Considering in-office PDRN treatments are so expensive, it’s no wonder K-beauty brands with PDRN products have experienced such success in the past year, leading to more launches. While Palermino looks forward to getting Rejuran injections, she questions the potency of these affordable skin-care formulas and posits that other, cheaper ingredients like glycerin might be doing more of the heavy lifting. “I work with contract manufacturers in South Korea, and I have been told by them that they dust, which is when you sprinkle an ingredient in and you claim it,” she says.
Dr. Reju-All Advanced PDRN Rejuvenating Cream
For example, the viral Dr. Reju-All cream contains some PDRN but also panthenol and niacinamide, which appear higher on the ingredient list. “These ingredients soothe your skin and reinforce your barrier,” Palermino says. “When you reinforce your barrier over time, you reduce something called transepidermal water loss, which is actually what keeps your skin hydrated and stronger.” In other words, there must be a reason why so many people love that product, but the raved about results may not be because of PDRN. Overall, her stance is that we need more data and testing before concluding that PDRN in skin care can give results similar to that of the injections. Dr. Chang agrees, stating that “most claims are anecdotal rather than evidence-based,” she says. But she also notes that topical products don’t carry the risks that injections do: “There’s little harm in testing it out. I just wouldn’t expect dramatic results.”

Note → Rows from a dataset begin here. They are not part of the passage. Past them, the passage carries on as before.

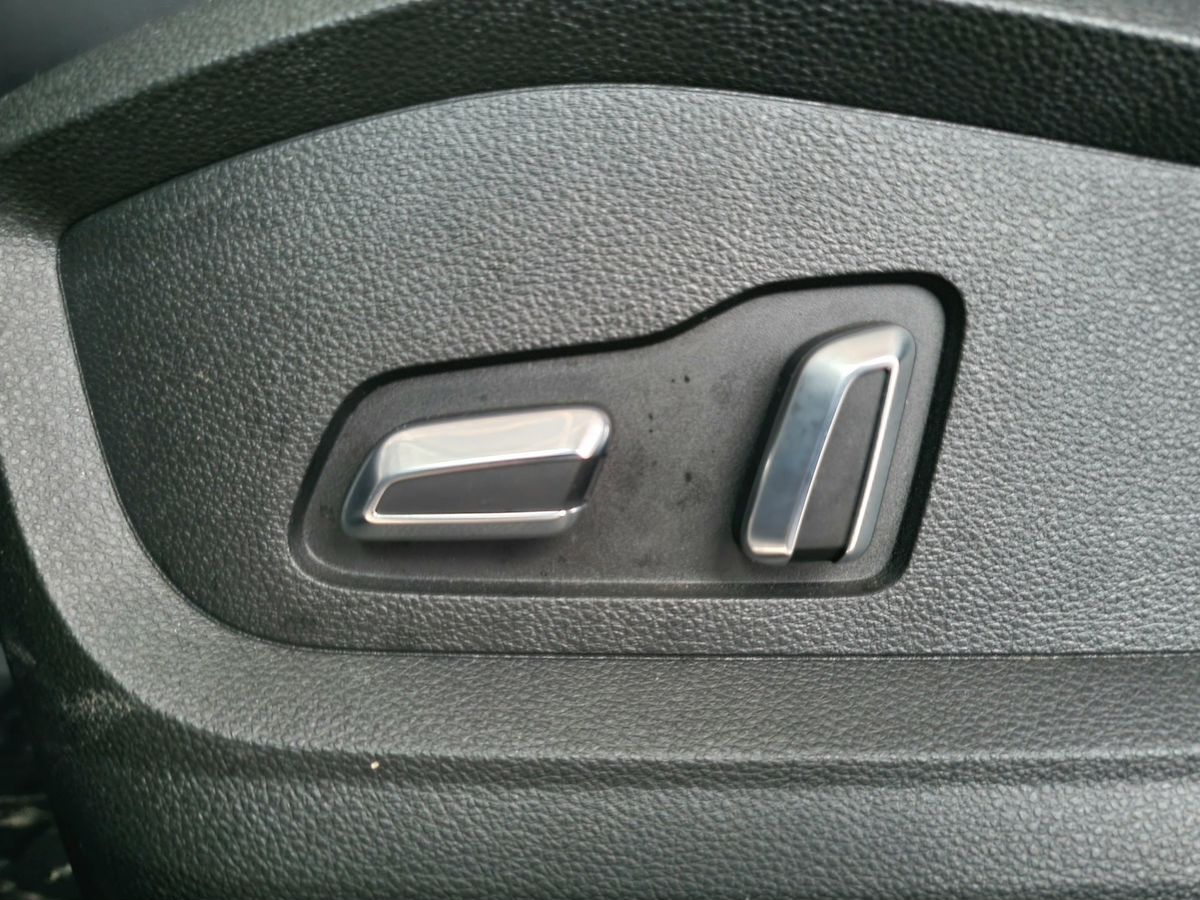 Xcite X-Cross 7 Enjoy 2024 г.в., 8 317 км.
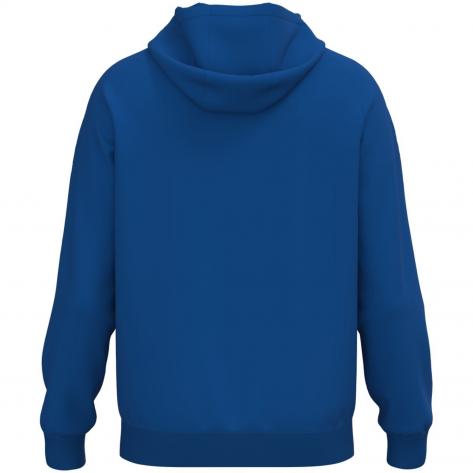 Jako Herren Kapuzenpullover One Cotton 6701 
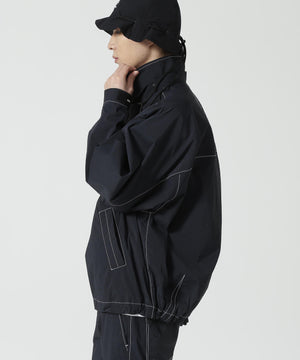 f8964f9c-a349-599a-a6ff-2cfafe04d8cd_Image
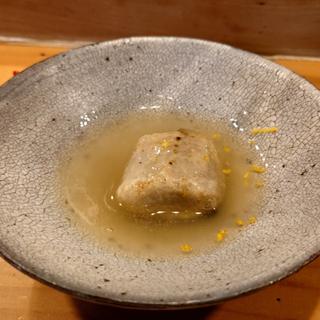 京都海老芋(浅草じゅうろく)
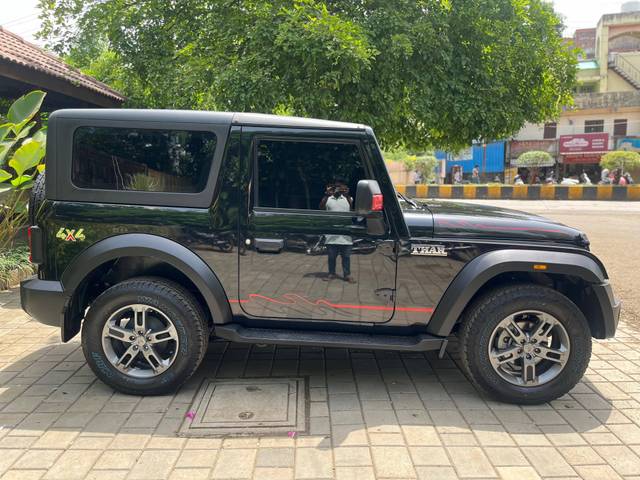 https://images10.gaadi.com/usedcar_image/4590606/original/processed_02b274528feb03cacb7d3c47ca3c0a30.jpg?imwidth=6401
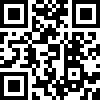 https://fa.abna24.com/xjHXB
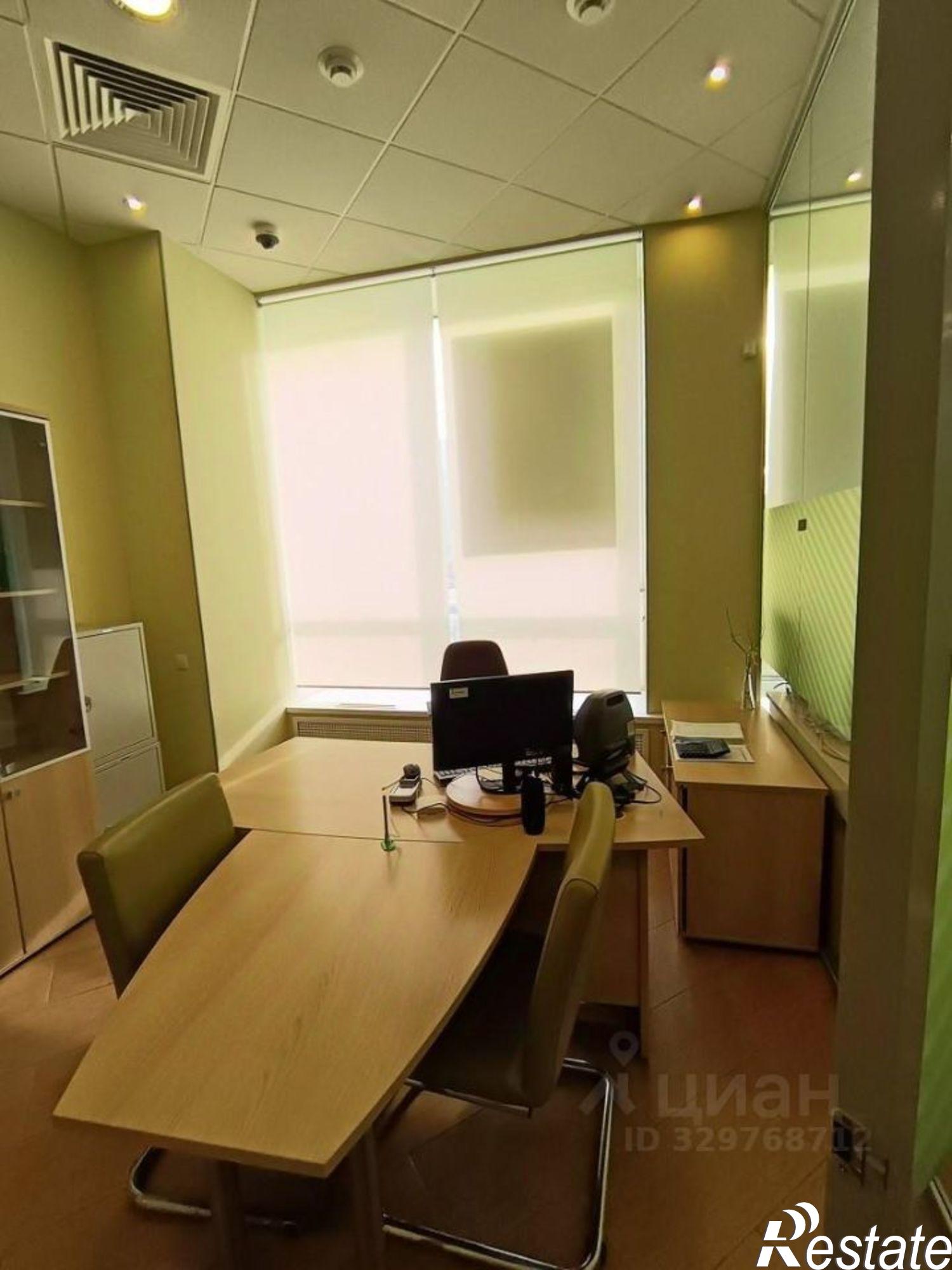 Купить офис, помещение под офис за 12 537 500 рублей на 2-й мкр., дом 10, лит. 1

What if I still want to try PDRN skin care?
Go for it! Even if there are significant enough levels of PDRN in the products, Dr. Liu warns that the DNA fragments may be too large to actually deeply penetrate the skin. “That said, some smaller fragments or nano-formulations may have modest effects on surface hydration and barrier function,” she says. Dr. Liu suggests purchasing from a science-backed Korean dermocosmetic brand like Rejuran, which Dr. David Kim, board-certified dermatologist from SoHo Dermatology in NYC, also likes — he recommends the Dual Effect Ampoule as well as Biodance’s PDRN mask for “an instant glow.”